One of the resident cats staking claim to the sunny spot on the bed

As we arrived on the island a storm erupting above us. We landed in turbulent cross winds that jarred the small plane like dice on a craps table. There were audible outbursts of muffled screams from the passengers caught off guard. We were relieved to have landed safely, but the adventure of reaching our destination was still laying ahead. Our efforts to secure our rental car in the torrential down pour left us soaked through within seconds. The ride from the airport was a constant reminder to "STAY LEFT" while traversing unmarked streets with absent signage. Had it not been for our phone maps we would have never made it outside of the airport parking lot. The downpours left us navigating overflowing unlit streets to find detours from the one road that headed to our end of the island. One 20 foot detour off of the main strip led us to a mixed litter of bobbing puppies and a pack of their parents intent on reminding us that we were not welcome here. Diedra and I decided we would rather risk drowning in the street puddle than traversing this motley angry gang. There was a heated argument on whether we could even safely turn around without running over a straggling starving puppy. 


Life is like that in this part of the world. While blessed with beaches they are poor with interventional actions for the other inhabitants of the paradise isle. 


As the off-mainland veterinary colleges sprout up in record numbers in adjacent islands the standard of living for the cats and dogs in their neighborhood improves markedly as they begin to receive out reach support for the vet students training purposes. Ask any vet school student from these institutions how many are brought home each year and the numbers will speak for themselves. Why are so many colleges being built? Two reasons; there is a desperate shortage of veterinarians, and, they are highly, (much easier to get accredited and more lucrative than the human doctor factories), profitable. Kids will go into astounding, unrecoverable debt to go to vet school. We are hounds to a bone with blind oblivion to the consequences.

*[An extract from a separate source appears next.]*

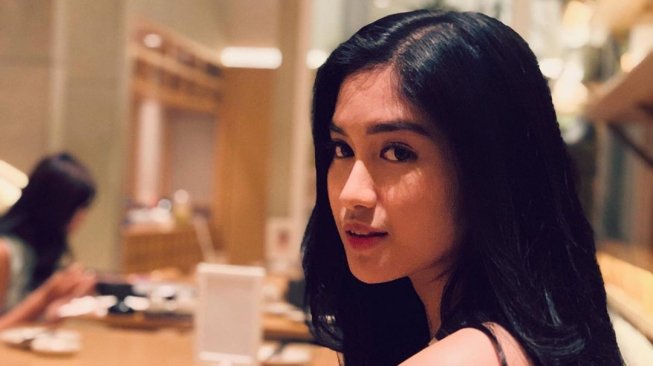 Tampil Kinclong di Restoran, Ochi Rosdiana: Bersinar Pakai Minyak Sayur Tampil Kinclong di Restoran, Ochi Rosdiana: Bersinar Pakai Minyak Sayur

My vacation time was spent unplugged. I intentionally kept my cellular roaming capability off. If I don't begin to take time off I will pay for it in blood pressure statins and botox. The reality of my professional life is that I am not feeling my cup as full anymore. Too many tiny holes in the mainframe to allow a full tank. I repeatedly ask myself if this is more than exhaustion? Perhaps a bit of lacking in the enthusiasm department when the gauge reads within the eligibility for retirement age. 



There are benchmarks that mark your life. The calendar being our primary measuring tool. Mine is in the place where most of my peers have paid for the kids colleges and weddings and now find themselves free from allowances to dependents. I am at the place we never believed we would actually find; debt-free. My last loan to the 20 year purchase agreement for the clinic is due in under 60 days. How did that happen? How did the sun actually circumscribe the heavens enough times to reach the maturity date on that loan? Two decades ago, as a brand new graduate veterinarian that number was so mammoth in its zero's that I just assumed I would expire before it did. Who works this long in one place? 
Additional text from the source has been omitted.